La historia va a avanzar hacia esa zona tenebrosa, con una escena cúlmine en la que lo ominoso se presentifica a través de una catarata de mensajitos de celular que llegan desde un remitente desconocido. Pero lo fantasmático atraviesa todos los órdenes de la película. La protagonista está el 90 por ciento de su tiempo sola y rodeada de elementos que carecen de materialidad. Son pocas las personas “reales” con que este personaje dialoga. Habla con su novio por Skype. Su jefa le deja notas. Cena en bares desiertos o viaja en trasporte público con auriculares y la vista clavada en el I-phone. Maureen está, como muchxs, triste, aburrida y aislada, solo que lo que ella parece sufrir es la ausencia de su adorado hermano y la imposibilidad de establecer un diálogo con ese otro lugar. Lewis, además, era carpintero, representante privilegiado de un mundo de actividades manuales, materiales nobles, esenciales, un paraíso perdido para siempre.

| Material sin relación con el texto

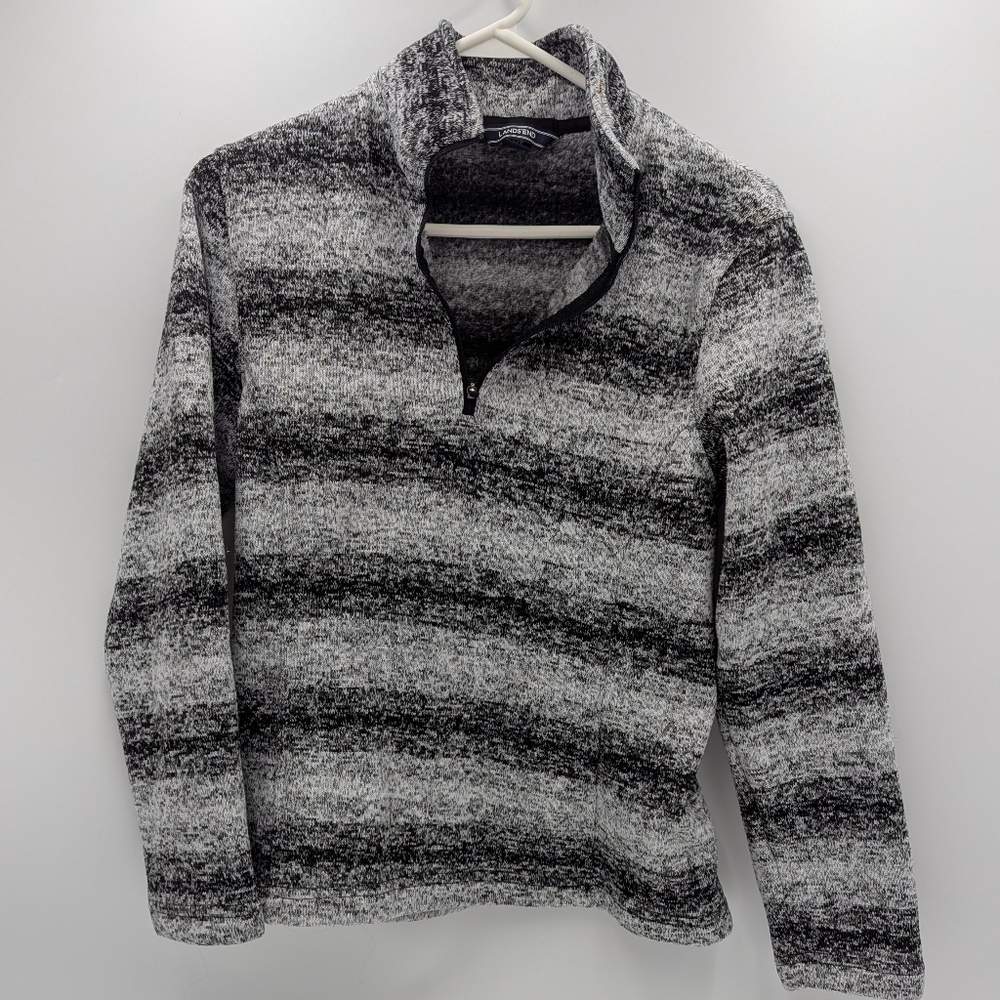 Lands'end Women's 1/4 Zip Sweater Small Pullover Fleece Black Grey Cozy Gorpcore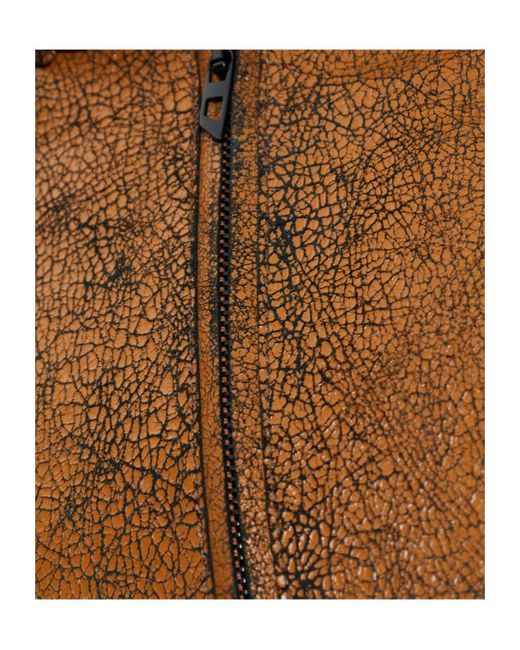 DIESEL Brown L-Nuri Zip-Fastening Leather Jacket for men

La inmaterialidad del contexto, la falta de contacto, aparecen hasta en los vestidos que compra para su jefa: calados arneses etéreos, puro plusvalor. Hay una escena bastante comentada en las notas sobre la película en la que Maureen se masturba sobre la cama de su jefa vestida con uno de estos trajes. Más que una pequeña perversión o una búsqueda de placer en lo prohibido -ponerse los vestidos que compra- estamos frente a una escena que se percibe como distópica, de mucha soledad.

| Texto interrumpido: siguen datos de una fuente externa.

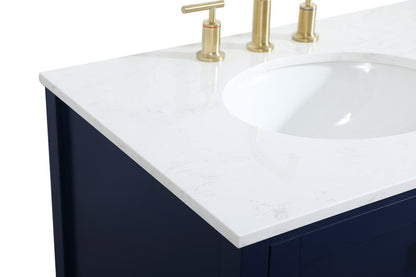 Elegant Furniture & Lighting - Irene 30 inch Single bathroom vanity in blue - VF18830BL veiw 4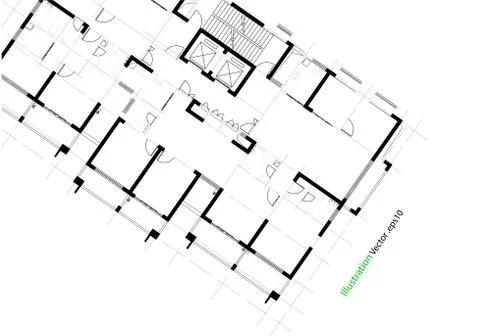 Architectural background, architecture plan, construction drawing Illustrazione stock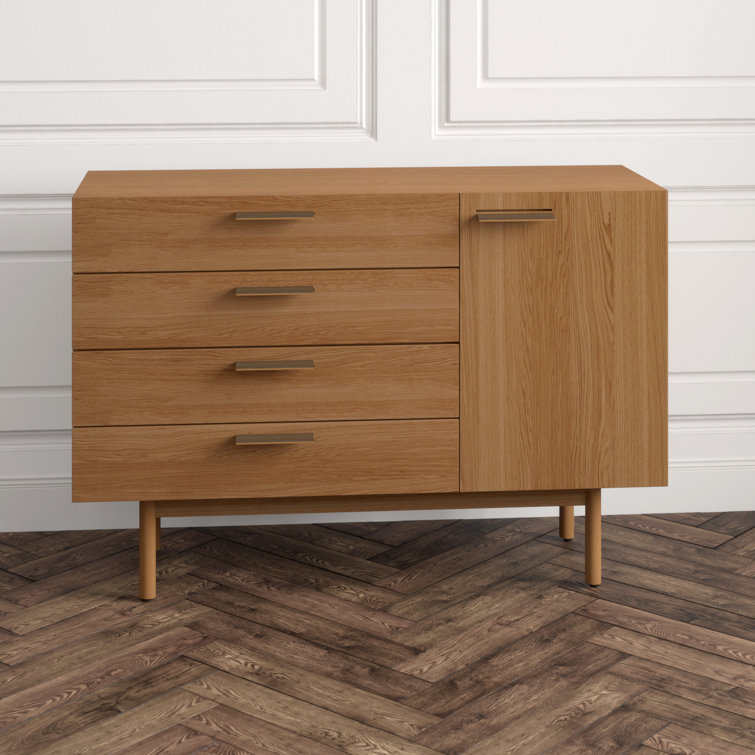 Shale Walnut 4-Drawer/1-Door Credenza Sideboard with Leather Pulls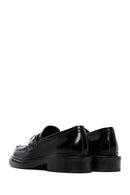 Women's Black Chain Detailed Leather Masculine Loafer | Derimod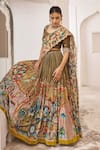 Buy_Aamra By Lavanya_Olive Green Silk Embroidery, Sequins Round Neck Olive-brown Hand Lehenga Set _Online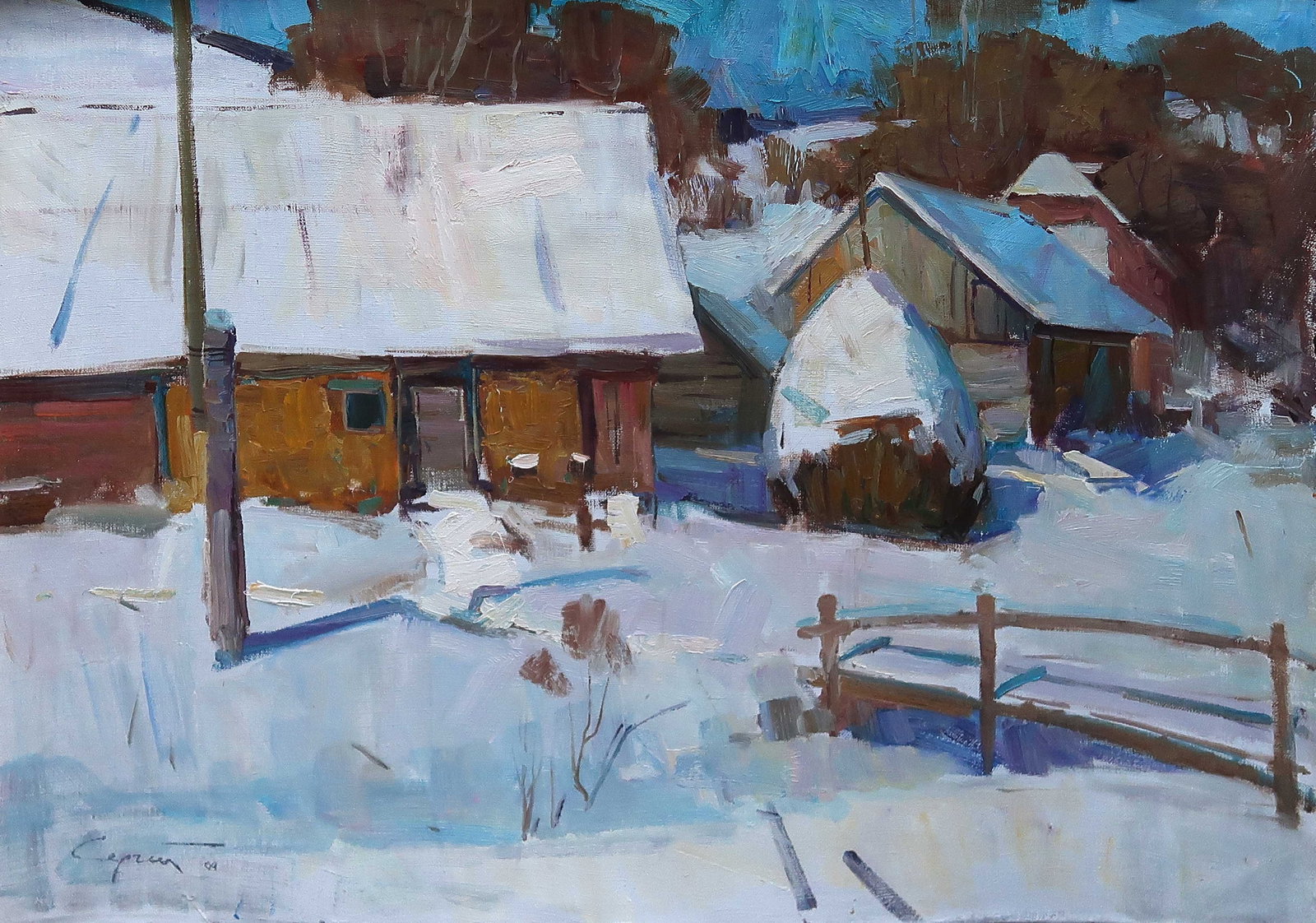 Oil painting Winter Serg Kovalenko: Title: Oil painting Winter Serg Kovalenko Description: 161SK Painter: Serg Kovalenko S?ze: 50x70 cm/19.7x27.5 inches Components: oil, canvas Original painting CONDITION: exellent ERA: modern Graduated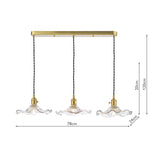 3 Light Bar Pendant Natural Brass and Wavy Glass Shade (0183HAD364012)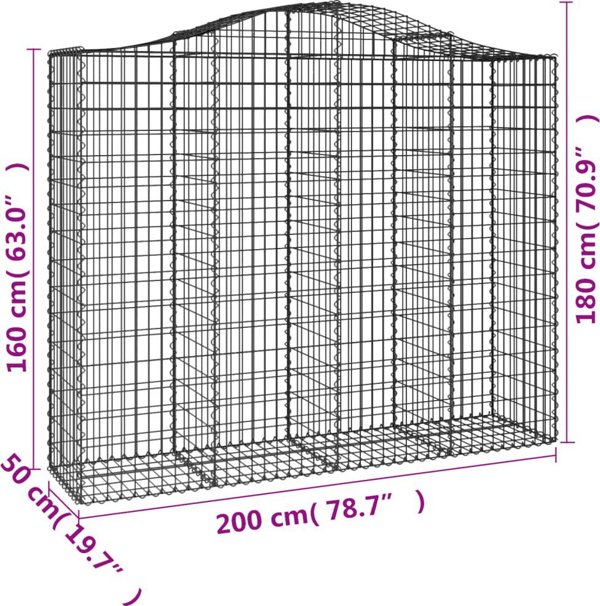 vidaXL Καλάθια γκαμπιόν 10 τεμάχια, 200x50x160/180 cm, γαλβανισμένο σίδερο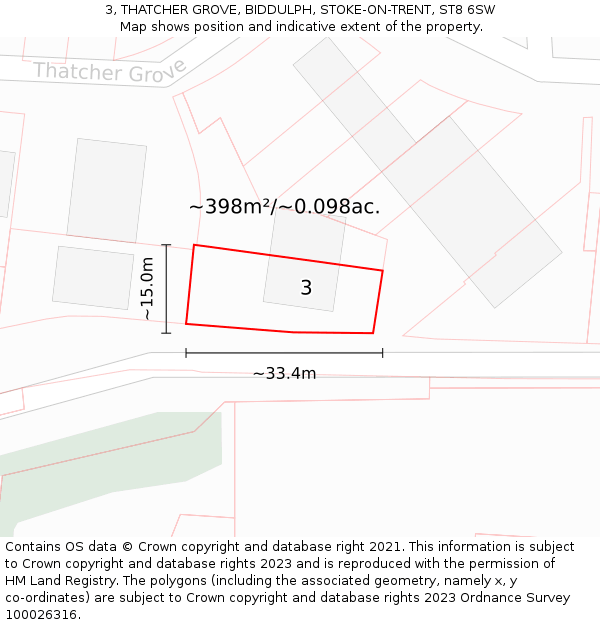 3, THATCHER GROVE, BIDDULPH, STOKE-ON-TRENT, ST8 6SW: Plot and title map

A lo largo de Personal Shopper aparecen referencias a personajes de la historia de la cultura que fueron espiritistas. Víctor Hugo, la pintora abstracta pionera Hilmaaf Klint. Igual que Maureen estos personajes se comunicaron a través de golpes en una mesa con seres del otro mundo que les trasmitieron sus angustias, sus estados de inquietud o paz. Maureen cree y vive en ese mundo de diálogos extraterrenos. Pero lo que asusta no son esos fantasmas sino el solipsismo en el que parece estar inmersa y que resuena profundamente, ecos que vienen de este mundo, del más acá.